From the summit I had a nice look down the precipitous north face, layered in steep icy snow. All around us massive barren summits drove out from the valley floor many of which I had the luck of reaching in recent years. I certainly wasn’t expecting views like this! We hung out as long as possible but the chilled October air, bolstered by the soon to be setting son, eventually motivated us off the summit and back towards the lakes far below.

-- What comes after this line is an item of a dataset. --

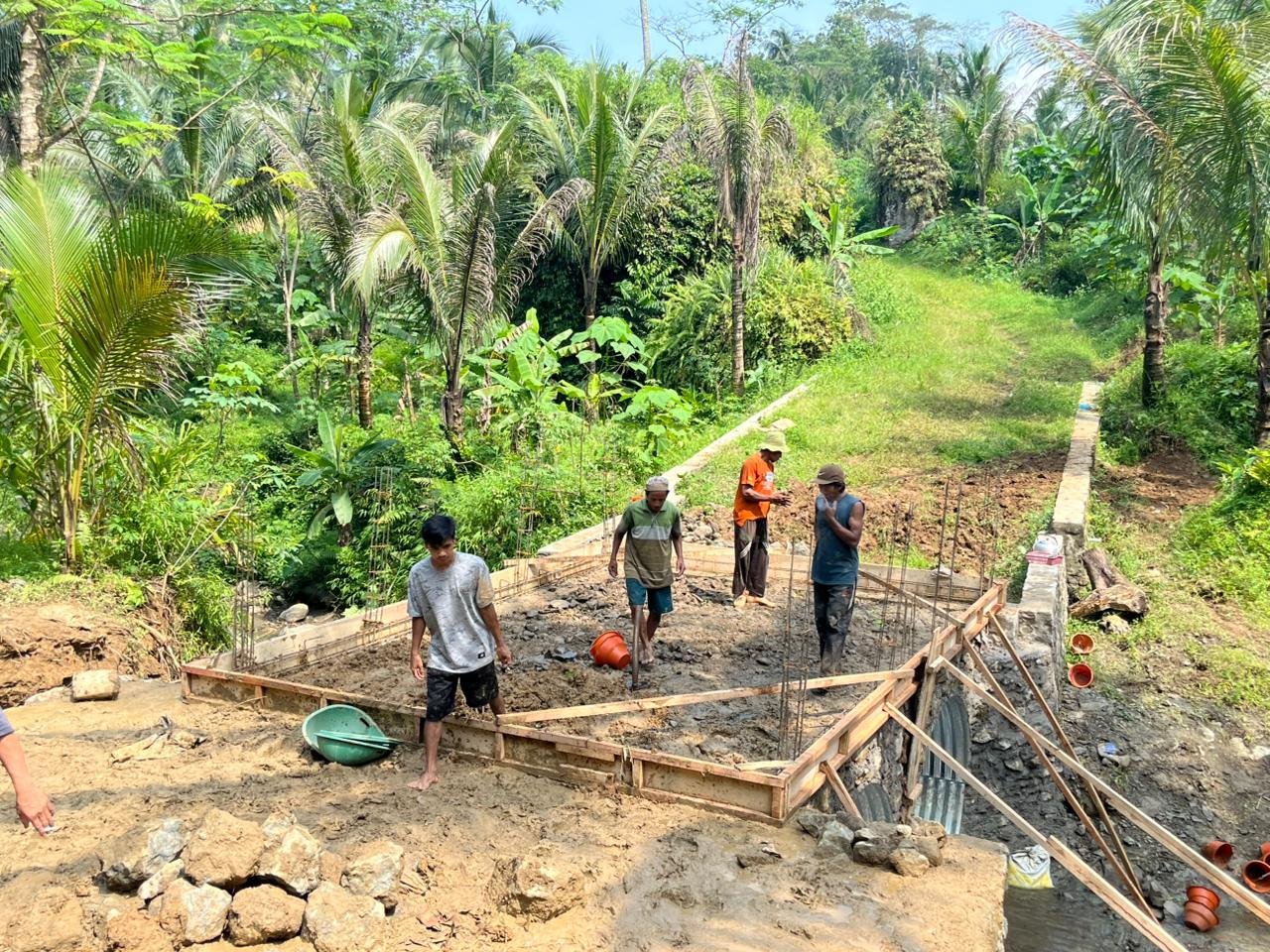 Guyub di Jembatan Garuda: Saat Gotong Royong Menyatukan Harapan Dua Desa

Mount Marriott and Nequatque are the tall ones at left meanwhile Birkenhead Peak takes up residence on the right side of the valley
Melvin Peak off in the distance
Andrea and I in front of Saddlebag Lakes
Group shot on the summit
Looking down the north face
Ostinato Peak in front of Mount Mclean, which I did last year with Brayden

Thankfully, the loose terrain we had to treadmill up on the ascent now made for a super fun and fast boot ski down. I avoided the rocky outcroppings we had relied on for the way up and weaved through areas of the small scree for a faster descent. 30 minutes after leaving the summit we were back at the lakes and making our way towards the forest. The steep gully before the lakes was actually quite easy to descend as well and before we knew it we were in the cooling air of the trees. Our route back was easy enough until we reached the major section of deadfall. This time, I watched the trail more closely and noticed fresh cuts in the wood further skiers left. I followed the faint path all the way to the cutblock without hitting any major deadfall. Looking back from the cutblock I could see why we had missed the turn off as it’s well obscured.

Easy terrain on the way down
Halfway down
Back at the lakes
Day light was just starting to fade
Sunset over the valley!
Not as bad as it looks now that we found the correct path
Sean’s truck on the way out (we ran into him driving in)

From the cutblock we had a short descent back to the car and then our drive out and back across the bridge went unimpeded. Andrea and I stopped in Whistler for some Avalanche Pizza and reached home at a nice reasonable hour.

It’s a shame access has been so tricky in this area. It’s a truly amazing part of the range and I sincerely hope they find a way to keep it open for the future. I have many more peaks I’d like to check out in the area, but I’m thankful to have at least hike up the tallest one in the mean time!